4. Economy – Like any successful country the virtual one would require a market economy whereby owners find means to pursue their interests and livelihood.

5. Justice and Rule of Law – A way to mitigate disputes and resolve issues  as well as a body of laws that provide guidelines for behavior are equally important.  We often take these for granted, but let’s face it….no one wants to live in a country where everything boils down to how many armed men you command.  Anarchy is the abscence of organization.

6.  Legitimacy – Any social network hoping to claim itself as a  country would need to seek legitimacy in the eyes of organizations like the IMF, United Nations, and others.  This is a massive challenge because each physical country would see some threat in the inclusion of virtual countries.  Would someone be  a citizen of Zimbabwe, Virtual Nation X, or both?
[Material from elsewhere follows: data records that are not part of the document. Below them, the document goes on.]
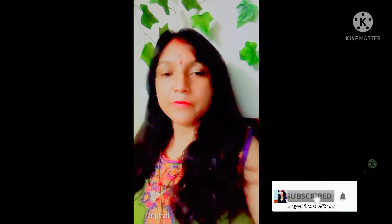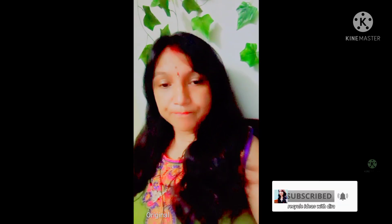If you like my ideas, please do subscribe to my channel. Thanks for watching, and please do share this video as much as possible so that everyone can get the benefit of these ideas. Thanks for watching.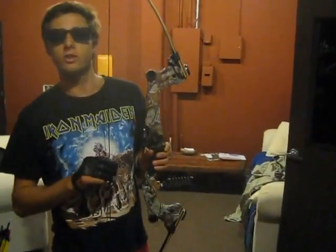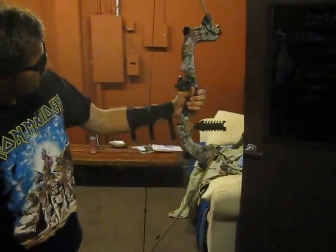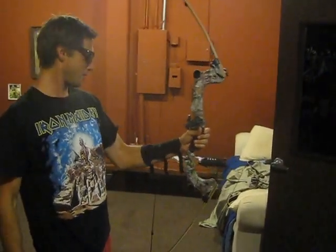Here's the Martin Recurve Saber Takedown. It's a beachin' bow. Pretty nice. I like my bow.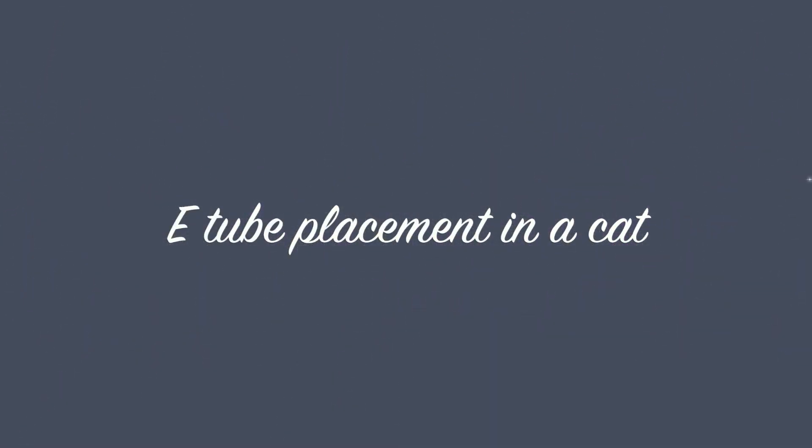Welcome to our video demonstrating esophageal tube placement in a cat. My name is Brent Higgins. This technique is really handy for managing animals that require increased nutritional supplementation before or after surgery.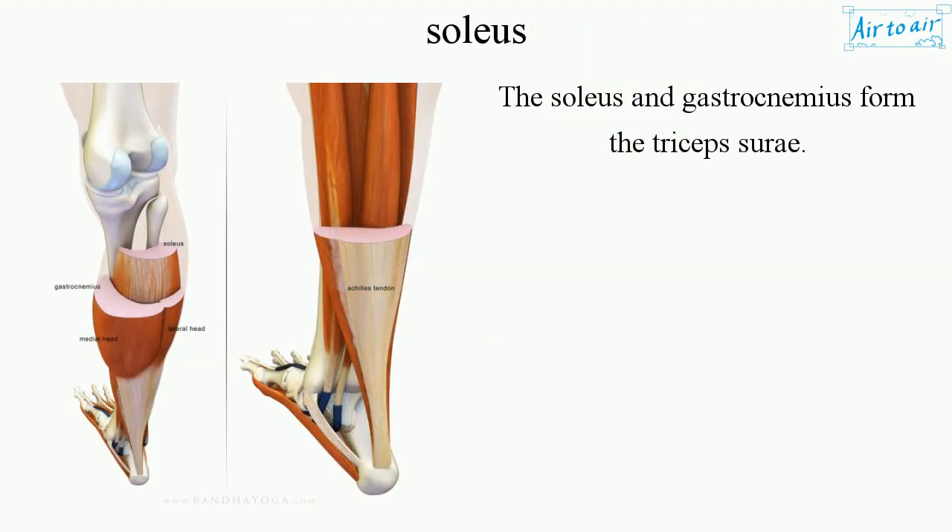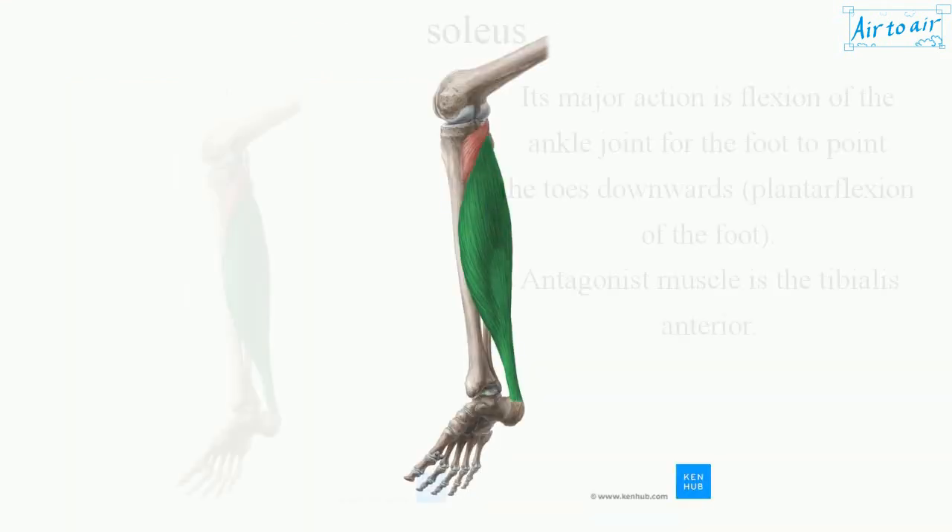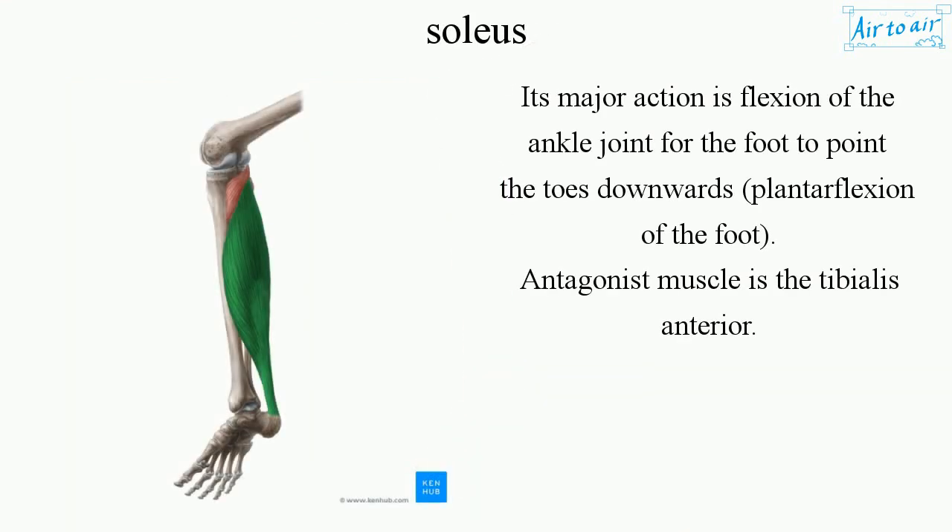The soleus and gastrocnemius form the triceps surae. Its major action is flexion of the ankle joint for the foot to point the toes downwards — plantar flexion of the foot. The antagonist muscle is the tibialis anterior.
Could a virtual country claim each member’s home as sovereign territory?  Would virtual citizens refuse to pay taxes to the physical country if they were doing so to the physical one?

Conclusion

Ultimately, today, the social networks are businesses; not countries.  They are seeking profit and they do this by satisfying their members desires.  The more views, the more advertising dollars, and the wealthier they become.  While each social network has some of the makings of a nation state….they aren’t directed on that purpose.   The virtual world is not tied to Facebook, Twitter, or Google.  It’s the other way around.  It’s probably more likely that these networks will remain just a new abstract organization of people, but it’s fun to think of what could evolve and that was the purpose of the article.